An Rodney Hunters Lebensgeschichte, kann man gut erkennen, wie multikulti Musikszenen sind. Obwohl man manchen Genres und Bewegungen gerne einen geographischen Stempel aufdrückt und dann ganz stolz auf das vermeintliche Monopol ist, kommen die Einflüsse meist aus aller Welt. Natürlich fungieren Orte als Schmelztiegel, bestimmte Menschen im bestimmten Umfeld als „Leidensgenossen“ und die zeitliche Komponente als Feuer, dass den Topf zum glühen bringt.

Rodney Hunter ist in Deutschland geboren, wuchs aber zu Beginn seines Lebens in Amerika auf. Der Vater war ein bekannter Disc Jockey, der es sich nicht nehmen ließ, den Burschen an den Arbeitsplatz mitzunehmen. Wie Hunter selber beschreibt, war das Erlebnis in der Disco einer der bewegendsten Momente seines Lebens. Die Liebe zur Musik war geweckt und ab jenem Zeitpunkt konnte den jungen Rodney nichts mehr davor zurückhalten selber zu Musizieren.

Und da kommen wir auch schon zur Sache mit dem Schmelztiegel: Nach einigen Jahren zog die Familie nach Wien.

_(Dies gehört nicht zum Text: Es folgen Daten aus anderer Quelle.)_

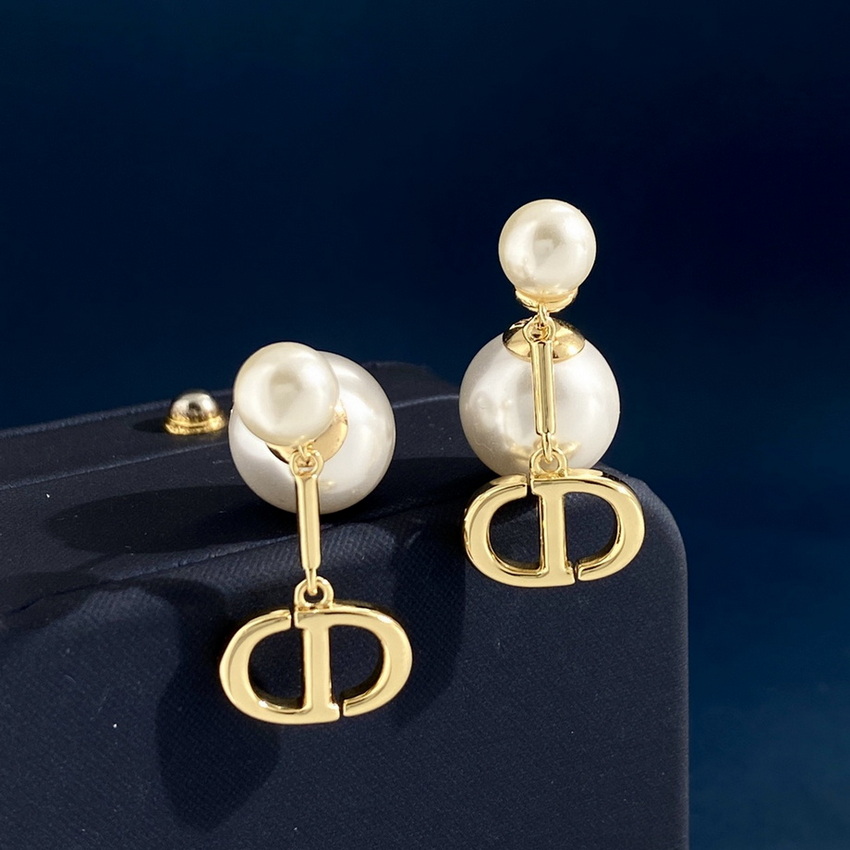 D*or earrings-176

Dort lernte Hunter gleich mal eine Handvoll spätere Koryphäen der österreichischen Musikszene kennen. Gleichzeitig spielte er mit 14 E-Bass in der Rockkapelle Mordbuben AG. Die wilde Zeit hielt ein Jahr, nachdem er sich mehr auf HipHop Beats und Sampling konzentrierte. Gemeinsam mit Peter Kruder, DJ DSL und Sugar B. bildeten sie The Moreaus, eine Freestyle-Hip-Hop-Rock-Truppe. Während der gemeinsamen Zeit sampelten sie wahrscheinlich ganz Wien leer, denn die Technik fürs Heimstudio konnte man sich auch als Privatperson leisten.

Der Spaß dauerte bis 1991 und die Karten wurden neu gemischt. Peter Kruder und Richard Dorfmeister taten sich zusammen und wurden zu Kruder & Dorfmeister. Dieser Name ist vielen ein Begriff, denn er steht für den Vienna Sound, also elektronische Musik aus Wien in den 1990ern. Auch DJ DSL und Sugar B. gingen eigene Wege als DJ und MC. Hunter wurde zum Vollblut Produzenten, der sich mit Leib und Seele seinem Projekt Uptight Productions widmet. Gemeinsam mit Mark Murphy bringt ihm diese Arbeit sogar eine Grammy Nominierung ein. In der ganzen Zeit veröffentlicht er jedoch keine eigene Platte.

Irgendwann um 2004 herum steht ein Umzug nach Berlin bevor und „Hunter Files“ ist da. Auf dem Langspieler vereint Hunter all seine Einflüsse, die man wie oben schon beschrieben als multikulti bezeichnen kann. Da gibt es Soul, Disco, exotische Rhythmen und über allem schwebt ein loungiger Beat. Trotz der Verspieltheit, klingt „Hunter Files“ nach Musik für Erwachsene, will heißen, dieser Sound würde nicht einfach so zwischen David Guetta und Pitbull im Club verbraten werden. Auch die folgende Platte „Hunterville“ spielt mit jazzigen Untertönen, so dass man sich über eine Einordnung im Nujazz nicht wundert.

Wenn man so auf Hunters Musikkarriere zurückblickt, kann man fast nicht glauben, dass dies die Geschichte einer Person ist. Und noch ist auch kein Ende zu sehen, denn die dritte Platte „Hunter Express“ ist erst letztes Jahr erschienen. Selbst wenn er sich nun wieder nur auf das Produzieren konzentrieren würde, kann er mit seiner Erfahrung noch immer eine Menge verändern.